Saturday fun — Just as downtown Sonora seems to be in the throes of revitalization so too is Second Saturday finding its stride. A group of arts patrons started the event almost seven years ago when a few businesses stayed open late to bring some vibrancy to downtown. The Sonora Chamber of Commerce took it over three years ago. Now more than a dozen businesses take part, hundreds of people attend and the chamber has added quarterly events after the main art walk ends at 8 p.m. In addition, a monthly indie-film series every second Thursday is being held at the Sonora Opera Hall. This weekend marks a new achievement. Two businesses are staging grand openings and another a grand reopening in a renovated space. A tap room and holistic center will open and a salon reopened. A healthy downtown equals a healthy city.

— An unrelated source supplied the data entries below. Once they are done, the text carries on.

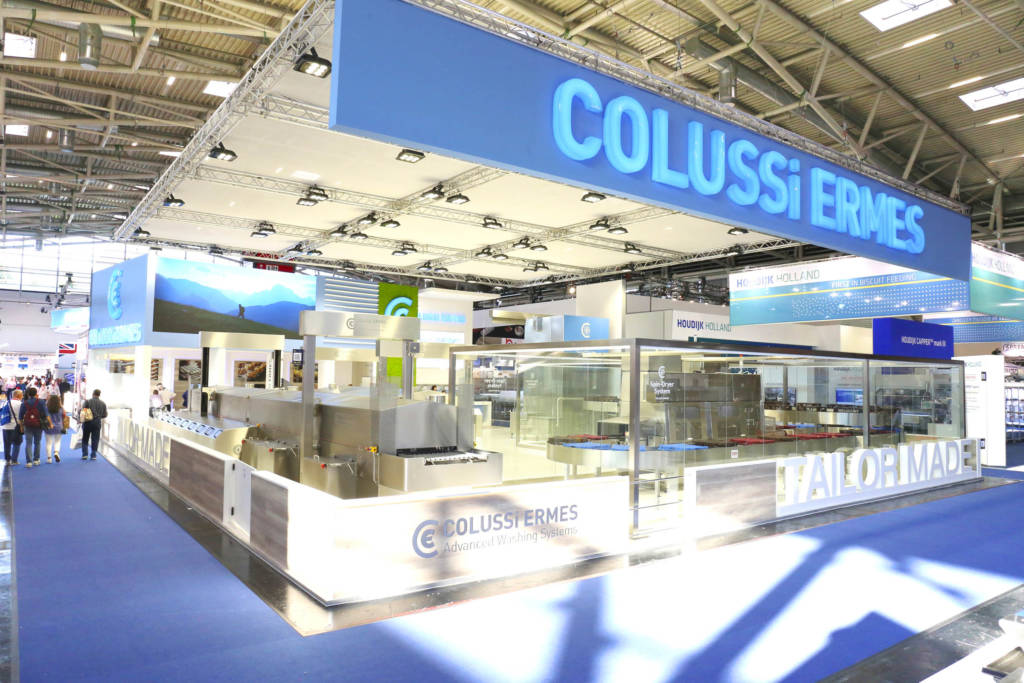 2018 Colussi Ermes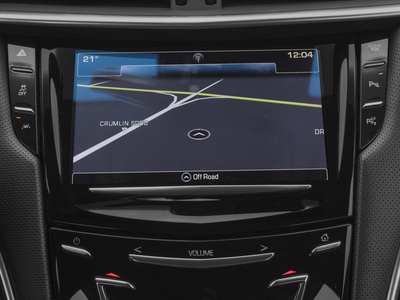 2017 Cadillac XTS Luxury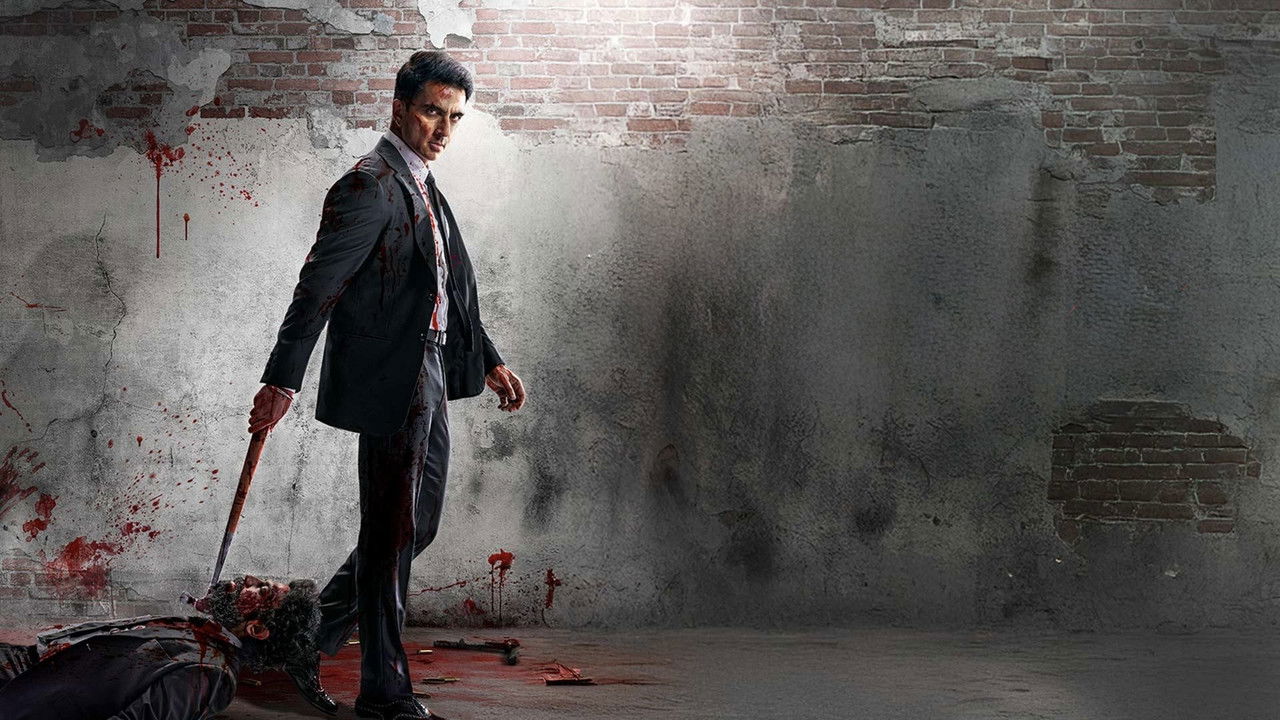 Fateh Movie Screenshot 2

Fairgrounds — There are strong signs that the cloud that's hung over the Mother Lode Fairgrounds is lifting. A part-time manager has been hired, new committees formed to solve problems and last weekend a group of volunteers turned out to clean up the place. Volunteers will be the essential element for any resurgence of this ailing facility. The money is just not there to hire all the staff needed to run a first class operation. It will be interesting to see whether the new CEO – who does not live in the area – will be able to engender the enthusiasm the fairgrounds so desperately needs.
Tennis, anyone — Sonora High School has been the recipient of so much criticism of late, it almost seems like piling on to bring up yet another subject. The school's financial problems are at the root of the ill will many feel. Adding to the layoffs and other cuts made by the school board is criticism about the way the Measure J funds have been spent. Now comes a new wrinkle. No money is available to build tennis courts to replace those removed to build the pool or as school officials prefer to call it, the aquatic center. The tennis team uses Columbia College, which while it's an extremely nice facility, is not exactly convenient for parents and players. Or students who want to support the team. And as a letter writer pointed out, many Sonora residents used to use the courts as well. Is there a community leader or company willing to take the lead to get new courts built?
Development — The reaction is swift whenever any development proposal is made these days. Dollar General in Columbia, apartments in East Sonora, shopping center in Columbia, now a food court on Highway 49 just outside Sonora. Each one, the opponents say, would change the very fabric of life in the community. It would add to their headaches and troubles. There would be too much light and no benefit to them. Protest is at the essence of American civilization, to be sure, but at what point do we realize that many of the problems facing Tuolumne County stem from lack of development? Of course, developers must pay their fair share and comply with all laws. The food court proposed by Andy Singh and Navneet Bhatia, who own the ARCO ampm, next door is an example of too much protest and not enough thought. The property where the food court would go is occupied by a building that used to be a car dealership. It can only be described as an eyesore. It was built in 1956 and has been vacant for a long time. It's 4,270 square feet. The couple want to build a 3,750-square-foot building for three food-service businesses. “I’m trying to open something that would generate revenue for the town,” Singh told Alex MacLean this week. The Sonora Planning Commission meeting on Monday should let him do it.